Problem: Transcribe the records below exactly, from their first line through the line containing "Real Madrid&#039;s German". Omit every line after it.
________________
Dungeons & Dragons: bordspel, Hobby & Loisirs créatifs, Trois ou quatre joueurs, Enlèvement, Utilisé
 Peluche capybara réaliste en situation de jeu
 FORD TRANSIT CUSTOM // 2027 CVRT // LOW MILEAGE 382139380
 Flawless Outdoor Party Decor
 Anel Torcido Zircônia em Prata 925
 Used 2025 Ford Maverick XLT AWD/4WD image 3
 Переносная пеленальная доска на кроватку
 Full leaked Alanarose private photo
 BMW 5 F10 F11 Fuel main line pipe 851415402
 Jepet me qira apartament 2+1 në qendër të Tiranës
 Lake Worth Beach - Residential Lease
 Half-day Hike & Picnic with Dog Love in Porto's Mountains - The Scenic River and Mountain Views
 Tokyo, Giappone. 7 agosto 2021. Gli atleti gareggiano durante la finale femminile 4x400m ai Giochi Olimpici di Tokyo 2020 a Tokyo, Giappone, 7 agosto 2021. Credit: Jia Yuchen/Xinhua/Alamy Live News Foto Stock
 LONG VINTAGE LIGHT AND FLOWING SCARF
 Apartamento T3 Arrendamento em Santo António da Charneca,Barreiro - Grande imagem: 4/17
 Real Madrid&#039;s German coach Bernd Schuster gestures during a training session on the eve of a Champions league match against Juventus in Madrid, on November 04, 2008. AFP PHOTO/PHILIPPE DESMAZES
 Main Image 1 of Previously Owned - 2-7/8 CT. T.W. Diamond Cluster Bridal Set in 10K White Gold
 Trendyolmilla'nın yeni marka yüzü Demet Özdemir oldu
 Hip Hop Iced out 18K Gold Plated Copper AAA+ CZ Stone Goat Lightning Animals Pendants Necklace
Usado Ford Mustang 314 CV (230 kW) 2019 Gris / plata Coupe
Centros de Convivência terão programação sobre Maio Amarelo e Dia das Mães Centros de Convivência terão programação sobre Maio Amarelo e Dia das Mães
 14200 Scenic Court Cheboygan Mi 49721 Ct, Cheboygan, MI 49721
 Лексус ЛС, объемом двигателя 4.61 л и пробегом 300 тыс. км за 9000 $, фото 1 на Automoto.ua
________________
Result of the task:
Dungeons & Dragons: bordspel, Hobby & Loisirs créatifs, Trois ou quatre joueurs, Enlèvement, Utilisé
 Peluche capybara réaliste en situation de jeu
 FORD TRANSIT CUSTOM // 2027 CVRT // LOW MILEAGE 382139380
 Flawless Outdoor Party Decor
 Anel Torcido Zircônia em Prata 925
 Used 2025 Ford Maverick XLT AWD/4WD image 3
 Переносная пеленальная доска на кроватку
 Full leaked Alanarose private photo
 BMW 5 F10 F11 Fuel main line pipe 851415402
 Jepet me qira apartament 2+1 në qendër të Tiranës
 Lake Worth Beach - Residential Lease
 Half-day Hike & Picnic with Dog Love in Porto's Mountains - The Scenic River and Mountain Views
 Tokyo, Giappone. 7 agosto 2021. Gli atleti gareggiano durante la finale femminile 4x400m ai Giochi Olimpici di Tokyo 2020 a Tokyo, Giappone, 7 agosto 2021. Credit: Jia Yuchen/Xinhua/Alamy Live News Foto Stock
 LONG VINTAGE LIGHT AND FLOWING SCARF
 Apartamento T3 Arrendamento em Santo António da Charneca,Barreiro - Grande imagem: 4/17
 Real Madrid&#039;s German coach Bernd Schuster gestures during a training session on the eve of a Champions league match against Juventus in Madrid, on November 04, 2008. AFP PHOTO/PHILIPPE DESMAZES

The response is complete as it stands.